Malumunuz, şiddet her yerde kol geziyor.
İnsanlar birbirini dinlemeden, derdini düzgün anlatmadan, kafa-göz dalıyor. Küfür ediyor, kavga çıkarıyor. Çoğunun tartışmalarında artık silahlar konuşuyor.
Önceki akşam da, Halit Ergenç sanki tüm bu kaosa bir ders verircesine; "Nazik bir üslupla nasıl konuşulur, nasıl dert anlatılır, nasıl o derde derman bulunur”un dersini verdi.
Kısa ama çok anlamlı bir andı.
Halit Ergenç, çocukları ve onların arkadaşlarıyla birlikte Guns N’ Roses konserine gidiyor.

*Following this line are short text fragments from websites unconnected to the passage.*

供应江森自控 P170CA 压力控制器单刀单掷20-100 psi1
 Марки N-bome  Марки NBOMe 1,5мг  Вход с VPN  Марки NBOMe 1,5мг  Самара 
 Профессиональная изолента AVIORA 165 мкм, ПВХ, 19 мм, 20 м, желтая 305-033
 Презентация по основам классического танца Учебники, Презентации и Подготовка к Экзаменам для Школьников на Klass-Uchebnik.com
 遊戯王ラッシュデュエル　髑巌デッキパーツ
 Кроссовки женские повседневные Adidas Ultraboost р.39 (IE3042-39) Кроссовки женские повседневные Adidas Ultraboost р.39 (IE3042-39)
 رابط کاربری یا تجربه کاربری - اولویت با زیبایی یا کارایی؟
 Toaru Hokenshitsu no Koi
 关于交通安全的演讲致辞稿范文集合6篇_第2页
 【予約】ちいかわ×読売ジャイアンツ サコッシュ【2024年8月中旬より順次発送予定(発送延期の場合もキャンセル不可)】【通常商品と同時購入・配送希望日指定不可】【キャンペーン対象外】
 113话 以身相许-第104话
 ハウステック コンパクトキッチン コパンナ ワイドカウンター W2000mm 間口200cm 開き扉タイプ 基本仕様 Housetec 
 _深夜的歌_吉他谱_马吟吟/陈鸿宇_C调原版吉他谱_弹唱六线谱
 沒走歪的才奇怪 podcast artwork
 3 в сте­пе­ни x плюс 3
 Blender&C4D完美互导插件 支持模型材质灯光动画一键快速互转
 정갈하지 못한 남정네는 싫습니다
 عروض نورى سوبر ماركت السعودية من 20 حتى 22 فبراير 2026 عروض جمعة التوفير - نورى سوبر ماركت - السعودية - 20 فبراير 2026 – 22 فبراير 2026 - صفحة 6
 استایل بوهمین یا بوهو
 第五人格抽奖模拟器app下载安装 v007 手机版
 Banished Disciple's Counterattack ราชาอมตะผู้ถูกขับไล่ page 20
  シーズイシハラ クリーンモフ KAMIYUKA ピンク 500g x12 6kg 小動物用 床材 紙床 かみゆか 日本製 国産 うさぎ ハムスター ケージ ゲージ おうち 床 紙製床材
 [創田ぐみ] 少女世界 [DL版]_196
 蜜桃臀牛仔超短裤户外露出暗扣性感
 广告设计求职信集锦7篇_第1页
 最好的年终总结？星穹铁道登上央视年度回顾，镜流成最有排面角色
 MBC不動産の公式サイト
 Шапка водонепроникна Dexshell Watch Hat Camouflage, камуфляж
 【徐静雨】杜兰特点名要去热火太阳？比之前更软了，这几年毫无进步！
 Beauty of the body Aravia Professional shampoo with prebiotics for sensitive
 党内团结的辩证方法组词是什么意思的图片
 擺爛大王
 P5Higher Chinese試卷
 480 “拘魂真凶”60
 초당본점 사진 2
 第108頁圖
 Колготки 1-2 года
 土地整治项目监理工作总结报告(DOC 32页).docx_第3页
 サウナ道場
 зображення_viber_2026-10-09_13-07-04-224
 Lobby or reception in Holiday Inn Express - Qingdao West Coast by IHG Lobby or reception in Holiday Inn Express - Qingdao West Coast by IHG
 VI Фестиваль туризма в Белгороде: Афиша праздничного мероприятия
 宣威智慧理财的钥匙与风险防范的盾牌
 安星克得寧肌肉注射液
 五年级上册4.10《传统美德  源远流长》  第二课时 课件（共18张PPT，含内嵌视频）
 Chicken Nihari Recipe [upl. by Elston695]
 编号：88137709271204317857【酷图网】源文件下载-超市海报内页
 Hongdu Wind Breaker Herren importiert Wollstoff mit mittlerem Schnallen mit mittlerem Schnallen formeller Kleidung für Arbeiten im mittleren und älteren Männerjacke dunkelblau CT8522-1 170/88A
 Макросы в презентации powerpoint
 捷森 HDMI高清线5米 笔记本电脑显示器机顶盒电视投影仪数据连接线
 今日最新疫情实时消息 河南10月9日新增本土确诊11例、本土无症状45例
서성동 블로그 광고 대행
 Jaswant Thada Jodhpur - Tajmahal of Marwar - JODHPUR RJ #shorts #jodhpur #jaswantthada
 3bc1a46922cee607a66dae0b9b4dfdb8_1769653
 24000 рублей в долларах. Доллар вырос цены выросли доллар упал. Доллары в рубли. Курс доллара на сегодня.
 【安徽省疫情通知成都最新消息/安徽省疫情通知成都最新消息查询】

O esnada, gazeteciler haliyle fotoğraf çekiyor. Ve Halit Ergenç o anda, sadece şunu söylüyor: "Onlar henüz 18 yaşında değiller, böyle bir şeyi kabul edemem” diyor.
Ve çocuklarının, arkadaşlarının fotoğraflarının silinmesini rica ediyor.
Kısa bir an ve Halit Ergenç;
Bağırmıyor.
Kızmıyor.
Küfür etmiyor.
Gazeteciyi aşağılamıyor.
“Sen benim kim olduğumu biliyor musun?” demiyor.
Sadece nazik bir dil ve üslupla, son derece kontrollü bir ses tonuyla konuşuyor.
Çünkü konuşabilmek ile konuşmayı bilmek arasında fark var. Ve ne yazık ki çoğu insan bu bilmiyor.
Halit Ergenç’in bu tavrı, inşallah çoğu insana ders olur. Çünkü insanlar birbirinden bir şey ister, söylerken bile rica etmiyor. Ya da birini kırdığında bunu fark etmeden üstünde tepiniyor.
Maalesef son yıllarda
- Nezaketi.
- Saygıyı.
- Konuşabilmeyi.
- Dinlemeyi.
- Affedici olmayı.
- Empati kurabilmeyi.
- Hoşgörülü olmayı.
- Anlamaya çabalamayı.
- Sabretmeyi.
- Alçakgönüllü olmayı.
- Paylaşmayı.
- Teşekkür edebilmeyi.
- Özür dileyebilmeyi.
- Samimiyeti.
- Dürüstlüğü.
- Vefayı.
- Sadeliği.
- Sessizliğin gücünü.
- Göz teması kurmayı.
- Kalpten gelen bir “nasılsın?” demeyi…
Unuttuk. Unutuldu...
Bu yüzdendir ki, Halit Ergenç'in üslubu
Son yıllarda yaşanan, saygısız, sevgisiz günlerde ilaç gibi geldi. Gerçekten çok kıymetliydi.
Tabii alabilene…
Tabii anlayabilene…
***
Kırdığınız insanları da fark edin
Bazı dostluklar vardır…
Öyle kolay kolay bitmez sanırsın. Ya da bir taraf öyle sanır. İşte ben hep o bitmeyecek sanan tarafım. Çünkü, bazı dostluklara fazlasıyla kredi tanıyanlardanım.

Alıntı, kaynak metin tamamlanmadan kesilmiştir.